> _Exercise instructions_
Of the entries below, return exactly those lines that fall between the one containing "Amalfi Coast 100%" and the one containing "Antique French storage", the two end lines included.

> _Records for the exercise_

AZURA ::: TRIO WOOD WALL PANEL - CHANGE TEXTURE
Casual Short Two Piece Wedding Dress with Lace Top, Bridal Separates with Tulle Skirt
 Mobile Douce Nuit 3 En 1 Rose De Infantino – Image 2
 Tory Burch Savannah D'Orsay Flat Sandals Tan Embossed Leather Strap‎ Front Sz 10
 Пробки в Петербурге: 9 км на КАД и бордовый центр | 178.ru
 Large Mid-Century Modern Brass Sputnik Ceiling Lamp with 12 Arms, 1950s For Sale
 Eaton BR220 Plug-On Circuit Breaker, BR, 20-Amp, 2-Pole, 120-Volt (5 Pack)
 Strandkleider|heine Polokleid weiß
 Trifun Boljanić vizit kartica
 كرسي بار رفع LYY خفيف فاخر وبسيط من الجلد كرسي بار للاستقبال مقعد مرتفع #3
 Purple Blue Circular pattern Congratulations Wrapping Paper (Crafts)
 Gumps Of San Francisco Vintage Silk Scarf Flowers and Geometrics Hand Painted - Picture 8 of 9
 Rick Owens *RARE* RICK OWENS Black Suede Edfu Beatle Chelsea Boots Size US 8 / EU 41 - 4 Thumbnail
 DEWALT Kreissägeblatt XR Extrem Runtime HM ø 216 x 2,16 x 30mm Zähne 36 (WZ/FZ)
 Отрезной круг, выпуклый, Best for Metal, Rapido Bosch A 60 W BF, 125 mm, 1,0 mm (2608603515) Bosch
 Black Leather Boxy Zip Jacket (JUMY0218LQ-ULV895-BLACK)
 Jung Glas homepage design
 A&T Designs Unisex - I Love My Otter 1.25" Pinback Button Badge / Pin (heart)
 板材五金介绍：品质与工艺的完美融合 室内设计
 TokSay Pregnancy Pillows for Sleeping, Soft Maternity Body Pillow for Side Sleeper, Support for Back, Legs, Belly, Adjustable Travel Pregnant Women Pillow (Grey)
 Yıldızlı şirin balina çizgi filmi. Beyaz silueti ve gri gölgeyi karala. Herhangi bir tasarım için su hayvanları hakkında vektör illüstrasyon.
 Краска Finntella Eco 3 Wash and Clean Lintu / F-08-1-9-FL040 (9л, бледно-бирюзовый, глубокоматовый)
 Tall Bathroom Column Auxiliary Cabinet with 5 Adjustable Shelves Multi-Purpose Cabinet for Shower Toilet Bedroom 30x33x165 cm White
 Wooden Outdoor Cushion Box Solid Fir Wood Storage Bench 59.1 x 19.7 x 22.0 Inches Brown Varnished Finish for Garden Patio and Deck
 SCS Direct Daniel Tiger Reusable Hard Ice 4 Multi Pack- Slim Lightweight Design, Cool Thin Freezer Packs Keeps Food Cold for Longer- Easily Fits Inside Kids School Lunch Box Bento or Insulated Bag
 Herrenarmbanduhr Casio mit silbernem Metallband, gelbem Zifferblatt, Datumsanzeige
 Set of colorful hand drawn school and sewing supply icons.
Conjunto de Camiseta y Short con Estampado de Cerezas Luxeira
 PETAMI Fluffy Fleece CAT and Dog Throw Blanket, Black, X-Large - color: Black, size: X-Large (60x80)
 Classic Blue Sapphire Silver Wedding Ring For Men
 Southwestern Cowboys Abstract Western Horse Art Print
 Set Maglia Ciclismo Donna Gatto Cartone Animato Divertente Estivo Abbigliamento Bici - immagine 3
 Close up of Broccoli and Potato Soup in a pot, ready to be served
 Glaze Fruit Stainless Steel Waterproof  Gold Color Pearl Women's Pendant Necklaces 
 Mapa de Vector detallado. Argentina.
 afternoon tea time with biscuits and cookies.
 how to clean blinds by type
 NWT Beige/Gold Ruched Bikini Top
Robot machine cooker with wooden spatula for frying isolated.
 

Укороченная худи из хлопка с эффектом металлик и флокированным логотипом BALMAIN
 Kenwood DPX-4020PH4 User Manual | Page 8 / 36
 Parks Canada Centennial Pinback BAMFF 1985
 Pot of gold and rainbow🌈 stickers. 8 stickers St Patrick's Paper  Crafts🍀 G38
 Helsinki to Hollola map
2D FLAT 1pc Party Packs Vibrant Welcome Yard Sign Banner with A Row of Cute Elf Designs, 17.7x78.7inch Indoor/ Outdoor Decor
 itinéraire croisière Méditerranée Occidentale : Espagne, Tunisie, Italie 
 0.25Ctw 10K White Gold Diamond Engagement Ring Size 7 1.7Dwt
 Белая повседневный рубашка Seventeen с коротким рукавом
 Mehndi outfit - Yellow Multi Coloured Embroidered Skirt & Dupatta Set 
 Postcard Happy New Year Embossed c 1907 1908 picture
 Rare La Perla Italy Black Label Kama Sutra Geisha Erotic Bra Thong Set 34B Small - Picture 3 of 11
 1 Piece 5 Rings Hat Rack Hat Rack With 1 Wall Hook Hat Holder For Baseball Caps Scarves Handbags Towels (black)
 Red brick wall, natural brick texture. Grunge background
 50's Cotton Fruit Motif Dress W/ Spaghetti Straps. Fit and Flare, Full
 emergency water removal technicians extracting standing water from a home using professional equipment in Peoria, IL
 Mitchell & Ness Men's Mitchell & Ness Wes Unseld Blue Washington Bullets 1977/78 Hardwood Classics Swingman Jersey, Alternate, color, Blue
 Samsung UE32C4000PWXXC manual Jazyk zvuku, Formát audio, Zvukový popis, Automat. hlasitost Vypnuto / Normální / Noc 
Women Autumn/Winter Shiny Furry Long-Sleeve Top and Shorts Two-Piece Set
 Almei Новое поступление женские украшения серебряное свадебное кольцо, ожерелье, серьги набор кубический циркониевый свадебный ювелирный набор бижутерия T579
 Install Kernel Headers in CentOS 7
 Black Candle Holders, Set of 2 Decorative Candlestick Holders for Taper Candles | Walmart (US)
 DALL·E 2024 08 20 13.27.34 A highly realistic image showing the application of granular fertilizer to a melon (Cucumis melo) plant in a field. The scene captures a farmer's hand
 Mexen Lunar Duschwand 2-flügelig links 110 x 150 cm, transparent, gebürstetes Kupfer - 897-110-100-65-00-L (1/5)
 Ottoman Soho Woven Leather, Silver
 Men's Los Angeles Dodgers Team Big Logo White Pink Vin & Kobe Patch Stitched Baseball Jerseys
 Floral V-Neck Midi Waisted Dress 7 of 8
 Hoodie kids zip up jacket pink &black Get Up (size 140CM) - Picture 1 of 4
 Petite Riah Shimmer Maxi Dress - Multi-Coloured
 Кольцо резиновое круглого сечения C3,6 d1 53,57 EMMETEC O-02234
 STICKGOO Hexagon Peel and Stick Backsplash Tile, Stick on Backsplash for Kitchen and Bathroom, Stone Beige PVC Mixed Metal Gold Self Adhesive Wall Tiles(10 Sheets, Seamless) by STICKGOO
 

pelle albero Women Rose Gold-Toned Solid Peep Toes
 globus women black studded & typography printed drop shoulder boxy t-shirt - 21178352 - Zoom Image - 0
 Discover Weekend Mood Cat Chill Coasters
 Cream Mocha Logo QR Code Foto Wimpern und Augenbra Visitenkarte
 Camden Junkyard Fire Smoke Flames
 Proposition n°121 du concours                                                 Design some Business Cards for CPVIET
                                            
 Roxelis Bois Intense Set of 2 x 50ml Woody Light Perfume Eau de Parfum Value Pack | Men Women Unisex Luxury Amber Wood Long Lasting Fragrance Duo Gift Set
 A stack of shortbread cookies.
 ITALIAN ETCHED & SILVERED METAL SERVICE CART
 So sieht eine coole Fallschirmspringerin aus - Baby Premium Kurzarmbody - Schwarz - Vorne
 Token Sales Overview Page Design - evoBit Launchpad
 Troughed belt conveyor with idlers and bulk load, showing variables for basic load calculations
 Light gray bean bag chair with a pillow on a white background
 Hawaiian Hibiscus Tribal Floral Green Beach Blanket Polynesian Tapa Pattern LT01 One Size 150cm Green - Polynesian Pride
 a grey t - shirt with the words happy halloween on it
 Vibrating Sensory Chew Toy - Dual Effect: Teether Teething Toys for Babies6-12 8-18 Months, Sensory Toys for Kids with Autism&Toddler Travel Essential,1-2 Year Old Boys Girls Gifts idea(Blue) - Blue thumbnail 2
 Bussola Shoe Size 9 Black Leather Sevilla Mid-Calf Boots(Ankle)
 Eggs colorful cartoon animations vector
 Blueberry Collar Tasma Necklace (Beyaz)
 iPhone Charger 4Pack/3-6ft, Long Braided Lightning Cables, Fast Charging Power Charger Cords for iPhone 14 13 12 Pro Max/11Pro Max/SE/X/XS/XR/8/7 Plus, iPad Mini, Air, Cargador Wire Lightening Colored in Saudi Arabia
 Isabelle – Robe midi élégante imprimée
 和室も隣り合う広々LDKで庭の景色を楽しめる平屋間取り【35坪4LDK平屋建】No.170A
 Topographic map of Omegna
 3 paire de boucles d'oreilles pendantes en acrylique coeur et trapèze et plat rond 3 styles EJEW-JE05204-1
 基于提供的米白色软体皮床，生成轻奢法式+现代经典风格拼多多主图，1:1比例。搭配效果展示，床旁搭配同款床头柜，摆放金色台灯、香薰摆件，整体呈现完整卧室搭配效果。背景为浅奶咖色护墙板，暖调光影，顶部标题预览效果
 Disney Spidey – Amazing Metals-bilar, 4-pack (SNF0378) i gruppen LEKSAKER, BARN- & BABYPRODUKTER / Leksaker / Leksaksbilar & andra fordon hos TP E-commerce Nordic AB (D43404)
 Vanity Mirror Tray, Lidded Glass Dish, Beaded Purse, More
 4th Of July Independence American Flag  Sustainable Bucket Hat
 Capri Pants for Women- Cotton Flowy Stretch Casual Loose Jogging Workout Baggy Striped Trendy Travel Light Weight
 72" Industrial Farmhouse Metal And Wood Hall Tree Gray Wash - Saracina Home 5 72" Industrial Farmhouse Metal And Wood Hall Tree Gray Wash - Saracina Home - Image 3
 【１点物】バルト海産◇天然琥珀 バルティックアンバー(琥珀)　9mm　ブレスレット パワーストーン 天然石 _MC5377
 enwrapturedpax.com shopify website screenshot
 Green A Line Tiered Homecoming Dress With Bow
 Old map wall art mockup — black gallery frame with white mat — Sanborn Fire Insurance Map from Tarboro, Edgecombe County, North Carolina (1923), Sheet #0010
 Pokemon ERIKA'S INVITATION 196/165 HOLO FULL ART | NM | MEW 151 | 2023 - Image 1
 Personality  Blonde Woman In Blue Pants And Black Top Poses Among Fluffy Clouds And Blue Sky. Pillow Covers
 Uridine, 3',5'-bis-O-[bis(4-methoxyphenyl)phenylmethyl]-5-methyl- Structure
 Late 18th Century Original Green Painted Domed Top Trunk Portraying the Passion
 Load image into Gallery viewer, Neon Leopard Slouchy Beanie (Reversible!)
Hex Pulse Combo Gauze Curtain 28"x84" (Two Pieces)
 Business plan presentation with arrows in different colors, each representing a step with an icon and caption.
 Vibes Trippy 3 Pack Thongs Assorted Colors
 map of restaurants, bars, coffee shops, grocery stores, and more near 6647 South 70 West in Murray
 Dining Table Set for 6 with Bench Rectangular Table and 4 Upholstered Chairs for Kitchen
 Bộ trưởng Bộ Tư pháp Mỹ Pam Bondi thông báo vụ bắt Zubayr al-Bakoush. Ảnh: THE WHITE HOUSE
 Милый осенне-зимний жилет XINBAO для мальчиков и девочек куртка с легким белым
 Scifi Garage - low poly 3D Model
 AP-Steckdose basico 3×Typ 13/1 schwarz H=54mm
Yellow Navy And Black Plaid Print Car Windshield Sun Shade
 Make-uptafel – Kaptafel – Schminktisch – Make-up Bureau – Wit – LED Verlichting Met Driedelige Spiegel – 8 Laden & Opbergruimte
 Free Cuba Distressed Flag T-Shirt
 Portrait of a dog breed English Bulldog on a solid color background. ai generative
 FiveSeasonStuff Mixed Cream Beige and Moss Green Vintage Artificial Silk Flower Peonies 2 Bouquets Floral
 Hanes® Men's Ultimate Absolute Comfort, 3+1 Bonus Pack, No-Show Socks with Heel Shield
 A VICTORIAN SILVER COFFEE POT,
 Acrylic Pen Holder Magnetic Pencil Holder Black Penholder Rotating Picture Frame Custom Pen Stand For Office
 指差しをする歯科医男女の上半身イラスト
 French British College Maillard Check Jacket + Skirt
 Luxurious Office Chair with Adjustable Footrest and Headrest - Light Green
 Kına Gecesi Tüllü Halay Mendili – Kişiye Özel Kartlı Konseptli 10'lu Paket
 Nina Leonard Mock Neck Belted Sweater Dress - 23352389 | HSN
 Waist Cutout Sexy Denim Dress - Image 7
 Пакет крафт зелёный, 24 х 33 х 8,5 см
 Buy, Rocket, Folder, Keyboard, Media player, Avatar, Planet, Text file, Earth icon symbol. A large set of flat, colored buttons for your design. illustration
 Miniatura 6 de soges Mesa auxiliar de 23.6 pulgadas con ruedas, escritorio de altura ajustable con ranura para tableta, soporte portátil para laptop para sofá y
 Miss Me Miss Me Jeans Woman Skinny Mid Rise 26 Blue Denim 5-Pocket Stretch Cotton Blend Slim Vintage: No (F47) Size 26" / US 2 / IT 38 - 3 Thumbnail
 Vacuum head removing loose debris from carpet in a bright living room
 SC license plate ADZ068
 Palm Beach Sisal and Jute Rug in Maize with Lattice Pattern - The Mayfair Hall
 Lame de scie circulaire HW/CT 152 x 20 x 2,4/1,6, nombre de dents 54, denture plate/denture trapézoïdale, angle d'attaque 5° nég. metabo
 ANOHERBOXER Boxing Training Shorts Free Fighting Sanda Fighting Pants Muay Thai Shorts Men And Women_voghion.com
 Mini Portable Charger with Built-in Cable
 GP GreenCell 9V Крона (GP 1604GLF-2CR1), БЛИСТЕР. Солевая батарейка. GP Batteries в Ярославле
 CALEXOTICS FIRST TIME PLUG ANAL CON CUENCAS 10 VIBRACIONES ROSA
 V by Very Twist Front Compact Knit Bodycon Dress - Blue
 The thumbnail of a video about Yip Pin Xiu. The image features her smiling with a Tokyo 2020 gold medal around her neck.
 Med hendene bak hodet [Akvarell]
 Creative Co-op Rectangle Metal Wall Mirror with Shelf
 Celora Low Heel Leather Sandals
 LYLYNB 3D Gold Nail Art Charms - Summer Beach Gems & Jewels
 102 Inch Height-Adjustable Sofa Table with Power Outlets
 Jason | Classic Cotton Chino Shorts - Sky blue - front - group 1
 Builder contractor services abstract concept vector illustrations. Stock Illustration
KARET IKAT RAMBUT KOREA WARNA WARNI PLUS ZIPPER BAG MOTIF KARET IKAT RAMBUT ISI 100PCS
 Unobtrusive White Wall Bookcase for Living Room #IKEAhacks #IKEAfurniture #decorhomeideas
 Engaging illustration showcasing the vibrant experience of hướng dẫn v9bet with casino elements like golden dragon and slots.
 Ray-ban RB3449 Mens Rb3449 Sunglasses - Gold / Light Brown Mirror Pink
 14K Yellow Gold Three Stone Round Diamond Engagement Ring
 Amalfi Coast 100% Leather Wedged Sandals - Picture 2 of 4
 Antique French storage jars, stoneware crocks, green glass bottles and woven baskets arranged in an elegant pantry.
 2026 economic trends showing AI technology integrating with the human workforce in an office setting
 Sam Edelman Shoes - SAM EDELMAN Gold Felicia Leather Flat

> _Solution below_
 Amalfi Coast 100% Leather Wedged Sandals - Picture 2 of 4
 Antique French storage jars, stoneware crocks, green glass bottles and woven baskets arranged in an elegant pantry.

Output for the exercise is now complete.